Work request: Exclude images, then output the remaining data verbatim.

[[ Data section open ]]

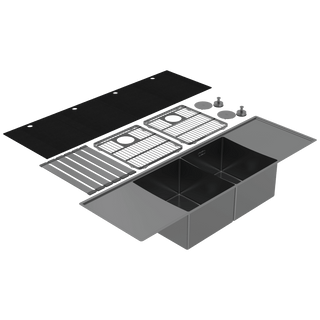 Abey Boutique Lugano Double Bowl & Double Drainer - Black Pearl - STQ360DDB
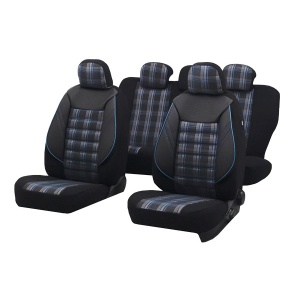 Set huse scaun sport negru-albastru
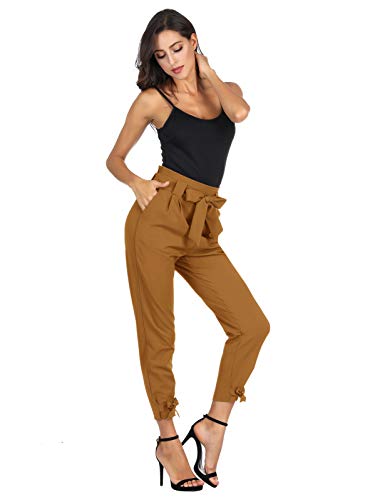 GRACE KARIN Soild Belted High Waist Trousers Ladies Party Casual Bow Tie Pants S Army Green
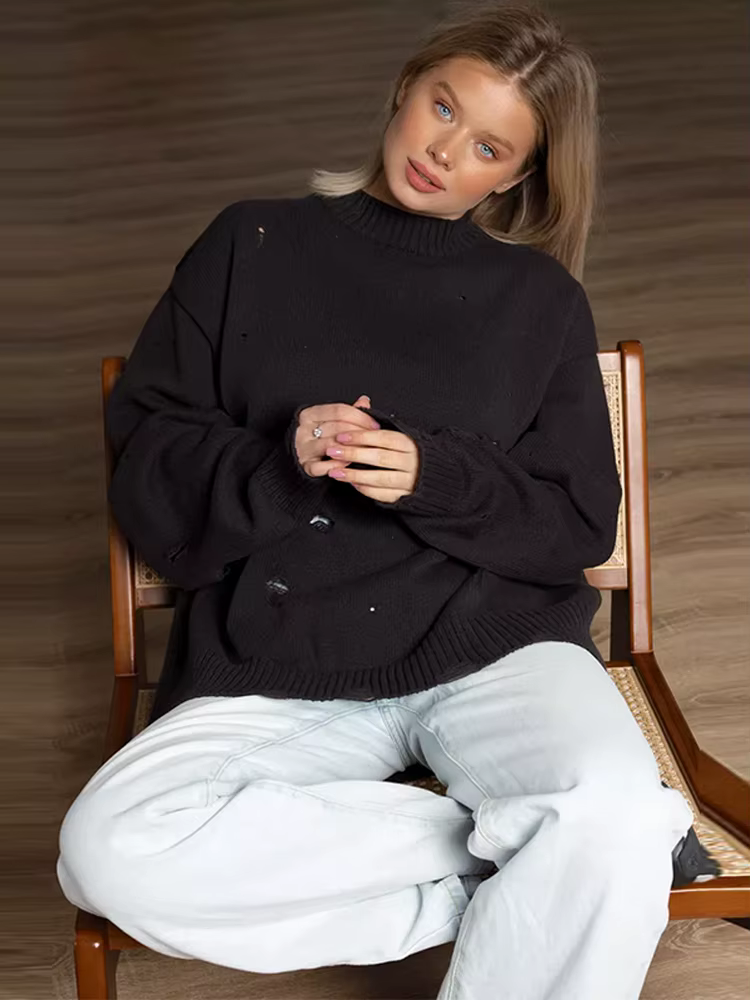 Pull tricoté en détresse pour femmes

[[ Data section closed ]]

Task response:
 Abey Boutique Lugano Double Bowl & Double Drainer - Black Pearl - STQ360DDB
 Set huse scaun sport negru-albastru
 GRACE KARIN Soild Belted High Waist Trousers Ladies Party Casual Bow Tie Pants S Army Green
 Pull tricoté en détresse pour femmes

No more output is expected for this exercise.